GEOFFREY CHAUCER
GEOFFREY CHAUCER
Before William Shakespeare, Geoffrey Chaucer was the preeminent English poet, and he remains in the top tier of the English canon. He also was the most significant poet to write in Middle English. Chaucer was born in the early 1340s to a fairly rich though not aristocratic family. His father, John Chaucer, was a vintner and deputy to the king's butler. His family's financial success came from work in the wine and leather businesses, and they had considerable inherited property in London. Little information exists about Chaucer's education, but his writings demonstrate a close familiarity with a number of important books of his contemporaries and of earlier times (such as Boethius' The Consolation of Philosophy).
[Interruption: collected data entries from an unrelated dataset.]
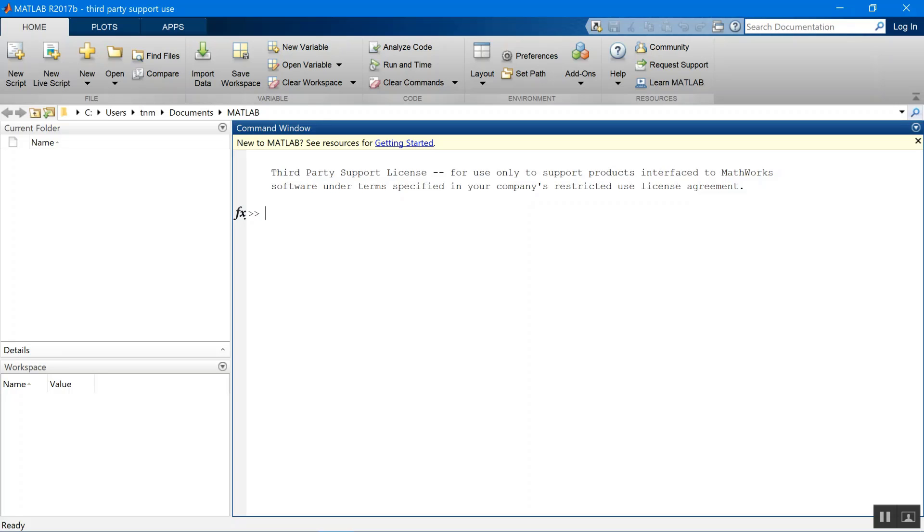First thing, you'll need to have MATLAB installed and to use this you will need to also have the instrument control toolbox from MATLAB.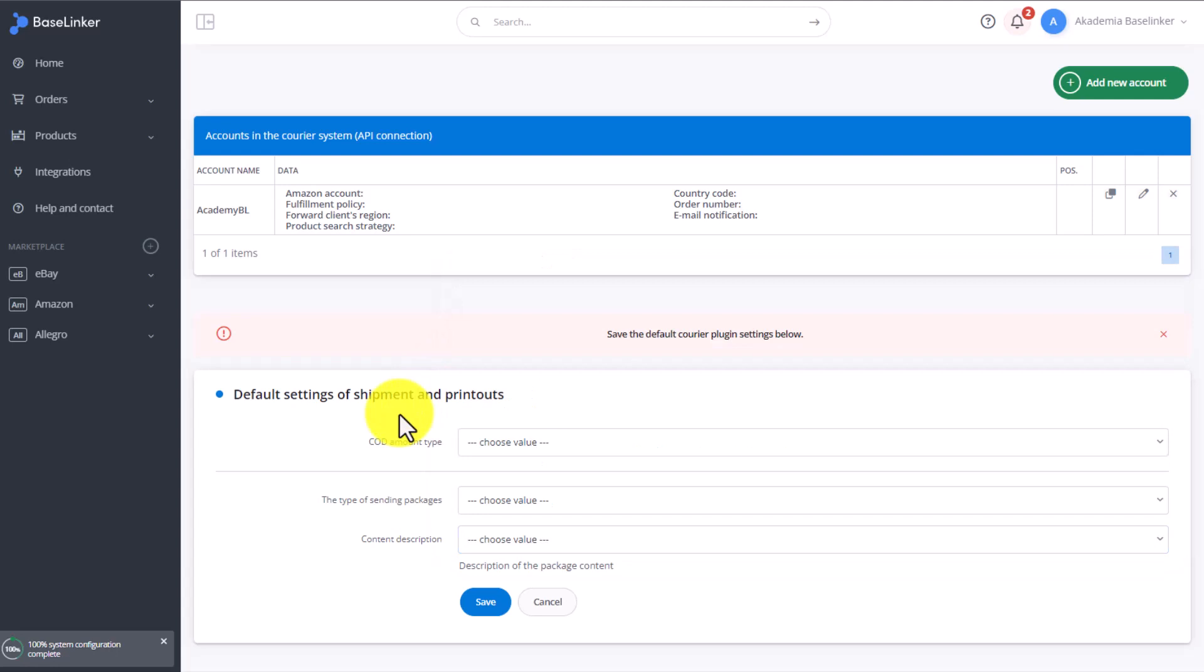Once Amazon creates the shipment, it will pass all the shipment status details to Baselinker.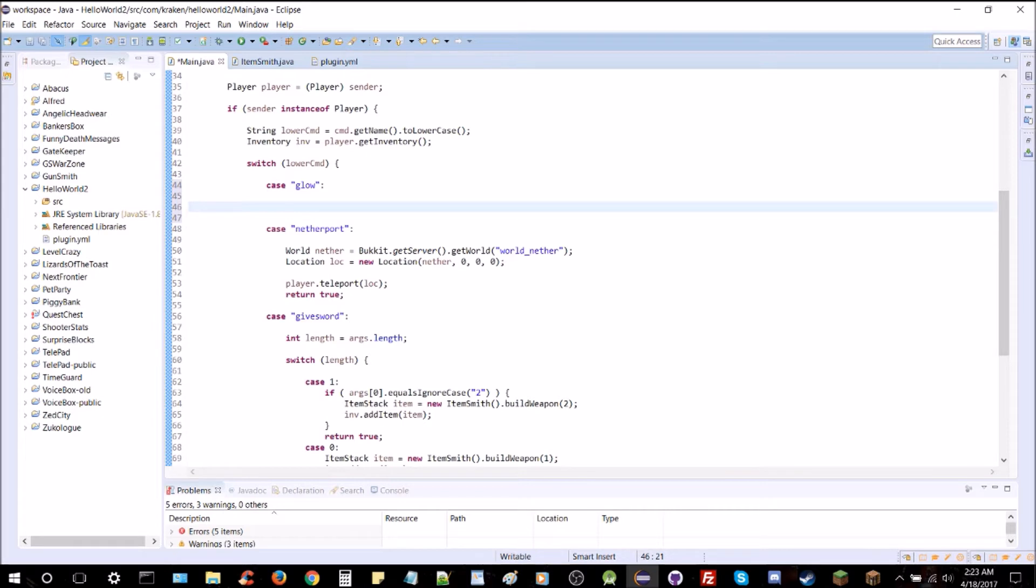You can use them in conjunction to revert the block back to air or whatever block it was before, so that's kind of complex and something you might want to work out on your own for your own effects. Now I'm just going to show you how to turn the block into whatever we want it to and leave it as that block.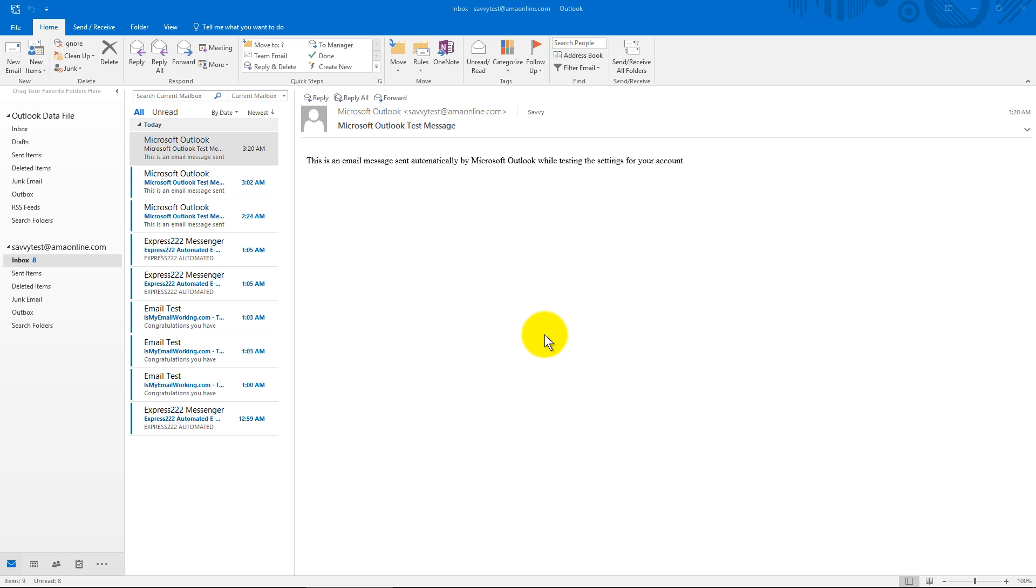Hey guys, Jackson Savvy here. Today's Windows tutorial is going to cover how to delete an account off of Outlook.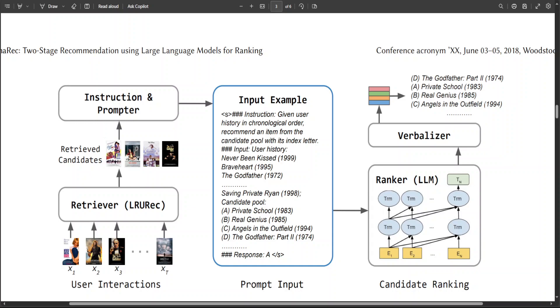Now if you look at this diagram from the left-hand side, we are just giving it the instruction and prompt, and then it is retrieving the candidates with the help of the retriever. And as I said, it's a two-stage framework. So retrieval is the first stage.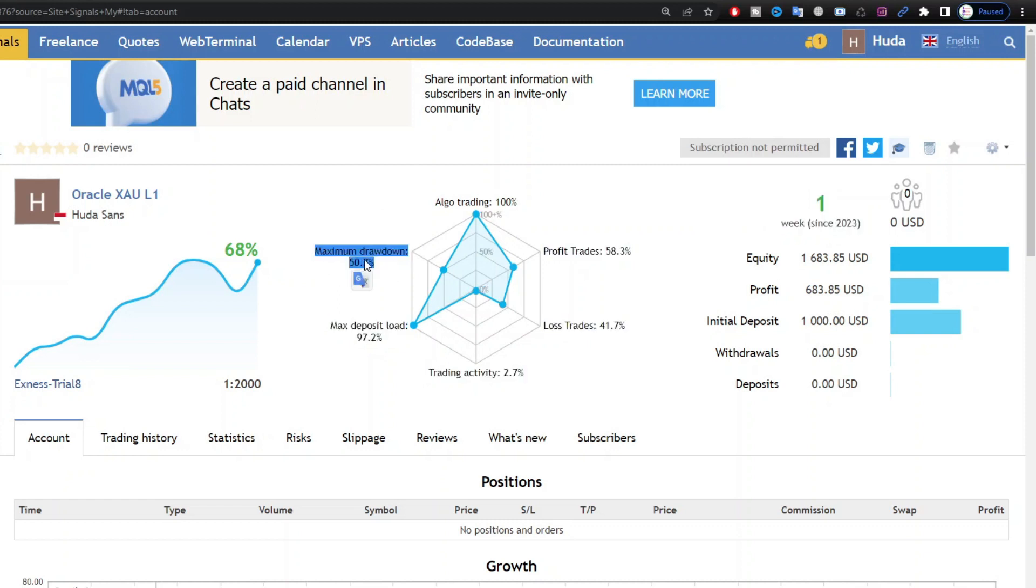It's best if you want to trade aggressively to use capital that you are ready to lose, given the high risk of drawdown. The gain is 68%.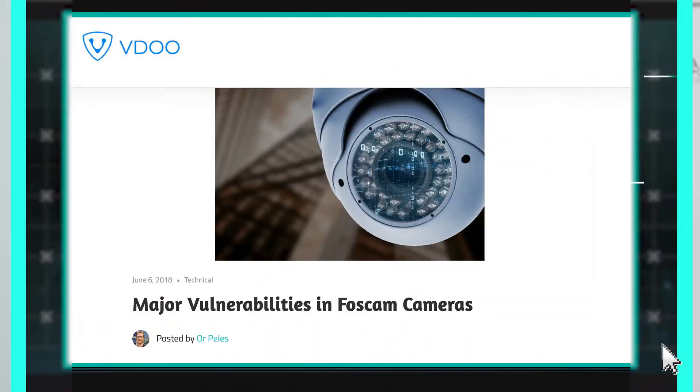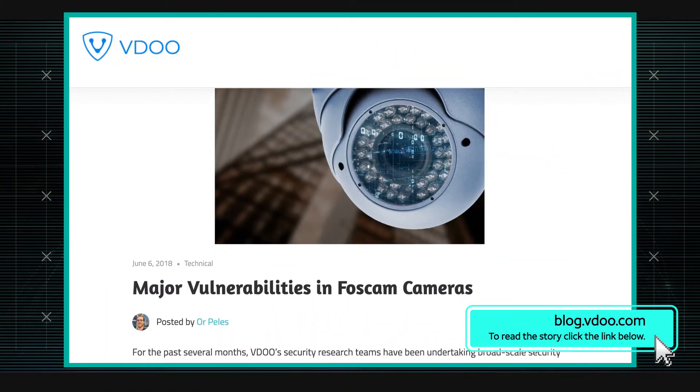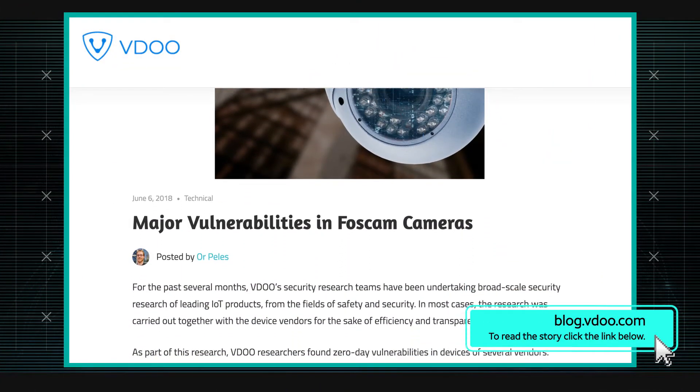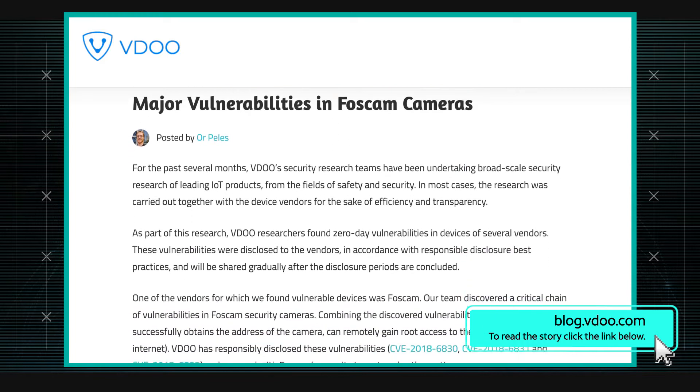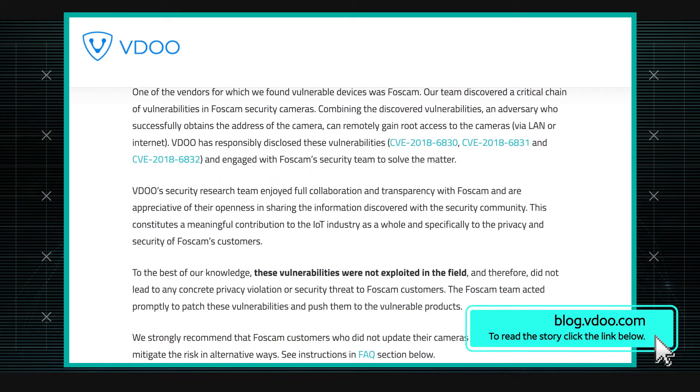An IoT research company discovered what they call a critical chain of vulnerabilities in FosCam security cameras. The first one is an arbitrary file deletion vulnerability.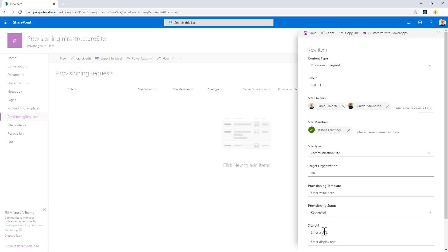And of course there will be also the status field as I said and the site URL, which will not be present in the add new item form, but they will be used to report back to the user what is the status of the provisioning and what is the URL of the provisioned site.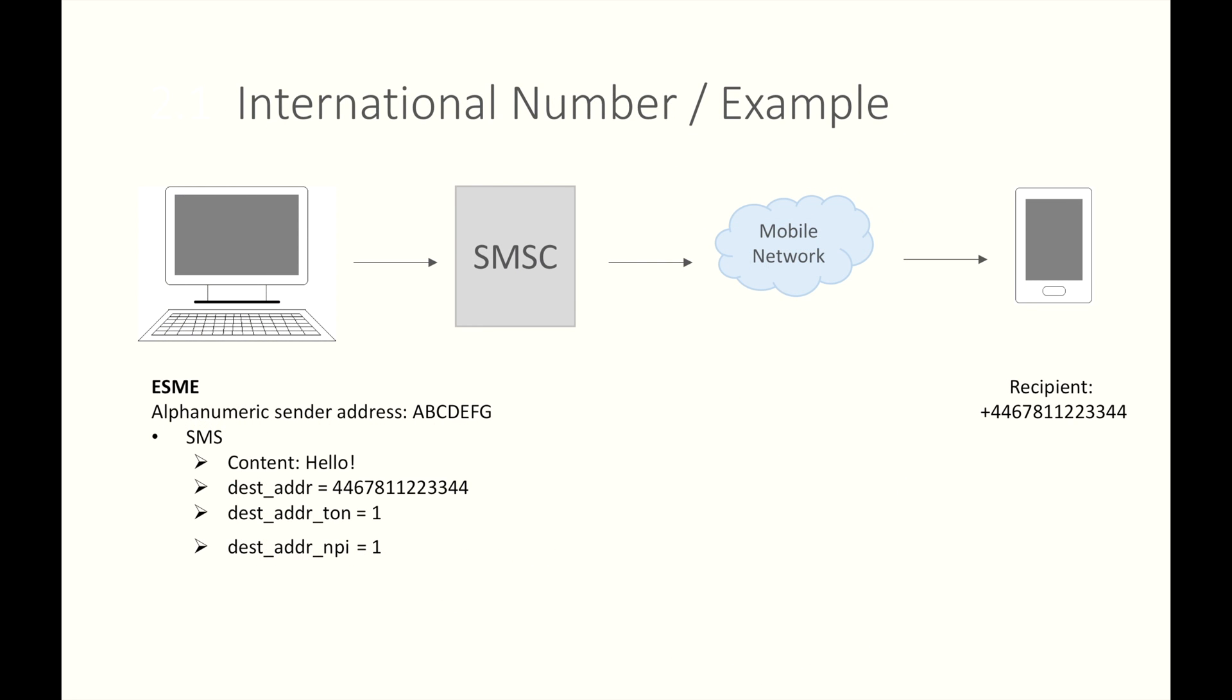How to set the addressing parameters if you want to send an SMS using Alphanumeric sender ID. Still remember that when you send an SMS to international mobile number, you set the destination address ton to 1, and destination address NPI to 1, and the destination address the number without the plus sign. What if you sent from an Alphanumeric sender ID? The answer is source address TON equal to 5. Source address NPI equal to 0. The address is ABCDFG in this example.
Chaucer likely was fluent in several languages, including French, Italian, and Latin. Sons of wealthy London merchants could receive good educations at this time, and there is reason to believe that, if Chaucer did not attend one of the schools on Thames Street near his boyhood home, then he was at least well-educated at home. Certainly his work showcases a passion for reading a huge range of literature, classical and modern. Chaucer first appears in public records in 1357 as a member of the house of Elizabeth, Countess of Ulster. This was a conventional arrangement in which sons of middle-class households were placed in royal service so that they could obtain a courtly education.
Two years later, Chaucer served in the army under Edward III and was captured during an unsuccessful offensive at Reims, although he was later ransomed. Chaucer served under a number of diplomatic missions. By 1366, Chaucer had married Philippa Pan, who had been in service with the Countess of Ulster. Chaucer married well for his position, for Philippa Chaucer received an annuity from the queen consort of Edward III. Philippa's sister Katherine de Roet (later Lady Swynford, later Duchess of Lancaster) was John of Gaunt's mistress for twenty years before becoming the Duke's wife. Through this connection, John of Gaunt was Chaucer's "kinsman." Chaucer himself secured an annuity as yeoman of the king and was listed as one of the king's esquires. Chaucer's first published work was The Book of the Duchess, a poem of over 1,300 lines, supposed to be an elegy for Blanche, Duchess of Lancaster, addressed to her widower, the Duke. For this first of his important poems, which was published in 1370, Chaucer used the dream-vision form, a genre made popular by the highly influential 13th-century French poem of courtly love, the Roman de la Rose, which Chaucer translated into English. Throughout the following decade, Chaucer continued with his diplomatic career. During his missions to Italy, Chaucer encountered the work of Dante, Petrarch, and Boccaccio, which were later to have profound influence upon his own writing. In 1374, Chaucer was appointed comptroller of the customs and subsidy of wool, skins, and tanned hides for the Port of London; his first position away from the British court. Chaucer's only major work during this period was House of Fame, a poem of around 2,000 lines in dream-vision form, which ends so abruptly that some scholars consider it unfinished. In October 1385, Chaucer was appointed a justice of the peace for Kent, and in August 1386 he became knight of the shire for Kent. Around the time of his wife's death in 1387, Chaucer moved to Greenwich and later to Kent. Changing political circumstances eventually led to Chaucer falling out of favor with the royal court and leaving Parliament, but when Richard II became King of England, Chaucer regained royal favor.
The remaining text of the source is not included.